FIGURE 26. The standee line at Maria Callas’s Metropolitan debut, October 29, 1956 (authors’ collection)
The claque was a different matter. Originating in Paris in the early nineteenth century as a concession of managements to their stars, then making its way to other parts of Europe and to the United States, its existence as an unofficial operation had been an open secret at the Met since the 1890s. At the beginning of 1906–07, a season of mishap and scandal, a flurry of references to the claque made its way into the papers. Especially piquant was the item concerning the two hundred tickets Caruso distributed to excellent effect in the wake of his Central Park monkey-house conviction. Three days later, absent a claque, his entrance onto the Met stage was received with little fanfare; from then on, he bought fifty tickets for each of his performances. Four years later, an official claque was engaged by the Met management itself. The story goes that one day Gatti and tenor Alessandro Bonci were bemoaning the New York audience’s ignorance of the protocols of applause. Bonci mentioned that he had just the knowledgeable man, his own valet, to initiate clapping at appropriate junctures. And so it was that Max Bennett was hired to organize the claque, and remained steadfastly at his post for decades. He was succeeded by his son, John, who labored noisily until 1935, when the newly appointed Edward Johnson refused to continue to foot the bill for the chief claqueur. Johnson went further, forbidding artists from passing out tickets to fans grateful to repay the debt with well-placed bravos. The Times speculated (Dec. 13, 1935) that prior to the interdiction, Bennett had pocketed as much as $100 a week. His fees, higher for Saturday matinees, were based on the number of curtain calls: $25 guaranteed two bows, and for every additional bow another $5 was tacked on to the bill. There was not a set cost for “hissing a rival singer,” as was specified on a mid-nineteenth-century Parisian price list: 250 francs, 25 more than for “overwhelming applause.” And yet, some believed that “hissing a rival singer” or its
equivalent was also for sale at the twentieth-century Met. By the end of 1935, the claque was back. But now, the chief claqueur was paid by the artists. Toward the end of Johnson’s tenure, Virgil Thomson weighed in on the matter. In decline during World War II, he said, the claque was reborn with the postwar importation of Italian tenors: Ferruccio Tagliavini’s debut “last fall was a brilliant occasion because claques were operating in his favor.” Giuseppe Di Stefano’s debut, less successful by far, “was defended by a single claque and a very crude one” at that (Herald Tribune, March 28, 1948).

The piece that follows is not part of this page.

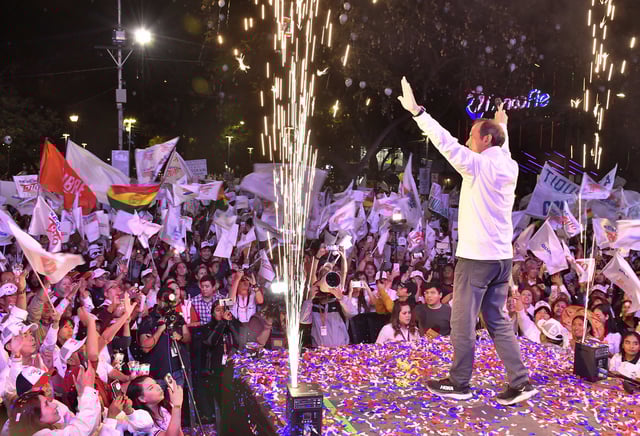 El expresidente y candidato derechista Jorge &#39;Tuto&#39; Quiroga, en el cierre de su campaña electoral este lunes, en Cochabamba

On Bing’s 1950 opening night, “the activities of a claque were hardly to be noticed” (Times). Bing had graciously bought coffee for the first one hundred on the line. But by his fourth year, the standees had become his bête noire, more than an occasional bother. He could not ban the standing room fans, but he did, more aggressively than Johnson, go after the claque, and thus rid the Met of a good part of the “intolerable nuisance” that the singers called “the indispensables.” Bing drafted a memorandum to solo artists requesting that they refrain from engaging a claque, and implying, with a wink at Zinka Milanov, that the agreement he had reached with them the previous year had been broken (Feb. 1954). And later that season, when the Milanov fans booed Kurt Baum, frustrated that the detested tenor was her frequent partner, often in Aïda and almost always in Il Trovatore, standing room was cut by half, from two hundred to one hundred.22
Bing was again on the warpath on opening night 1954–55. His glance had apparently fallen on one or two standees in the family circle who had hung their coats over the railing. “I think the wearing of a jacket in America’s leading opera house can be considered reasonable. Is there any legal aspect to this? Can we force people to wear jackets or request them to leave?” For the second year in a row, the Met hired a detective agency to investigate the “standing room problem.” A private eye infiltrated the line on several occasions, including a Tuesday night La Gioconda with Milanov and Baum. He reported finding that five or so Milanov fans at the head of the line had let in forty or fifty others just as the doors opened. The sleuth had learned that Milanov cultivated her fans by inviting them backstage after performances and throwing her “children” a party at the end of the year. All this came as no particular surprise; she had long been suspected of encouraging the bad behavior of her fan club. In spring 1955, she and Bing exchanged letters on the Baum affair, Milanov insisting that her conscience was clear (April 8) and Bing responding, with another wink, that he had no doubt she was as distressed as he by the demonstrations against her (unnamed) colleague. Ten years later, there was another eruption, and for the first and last time standing room was shut down, if only for a single matinee. Leonie Rysanek and Lucine Amara had received “inciting presents,” anonymous bouquets of garlic (Times, Feb. 15, 1964). Although Bing claimed he had proof of the complicity of the standees, he would not call for an inquiry, fearing, he said, that he would embarrass his artists further: “Expressions of disapproval are on a level of vulgarity that cannot be tolerated. The way to express disapproval is to do without applause.” He finally prevailed with the opening of the new house. The auditorium was designed so that standees were relegated to the back of the parterre and to the stratospheric heights of the family circle, both distant from the stage. A new policy of advance sales for standing room would guarantee that there would no longer be a rowdy line outside the theater before each performance. And without a line, troops partisan to one singer or another could not be marshaled.23
LABOR
The ties that bound the Metropolitan and organized labor were knotted in 1904. Unrest of greater and lesser severity first perturbed the Conried administration and continued through the decades. The year before Bing took up residence, Johnson announced the cancellation of the 1948 season, later restored, citing the prohibitive cost of introducing unemployment and retirement benefits as demanded by musicians and stagehands. Bing got off to a promising start by helping to broker a new contract. He factored into his initial budget unemployment insurance for those laid off the many months each year the house was dark; he also backed the establishment of a retirement fund. But the imperious Bing and the ten or so Met locals, not to mention the American Guild of Musical Artists (AGMA), would soon be at sword’s point. In 1953, there was a stagehand wildcat strike, an event that disrupted no performances but raised the frightening specter of the general manager, stationed at the ropes in place of a striker during the dress rehearsal of Norma, dropping a heavy curtain on Milanov’s head. Threats of season cancellations were issued in 1956, and then in 1961, and again in 1966 as the company was preparing for its Lincoln Center inauguration.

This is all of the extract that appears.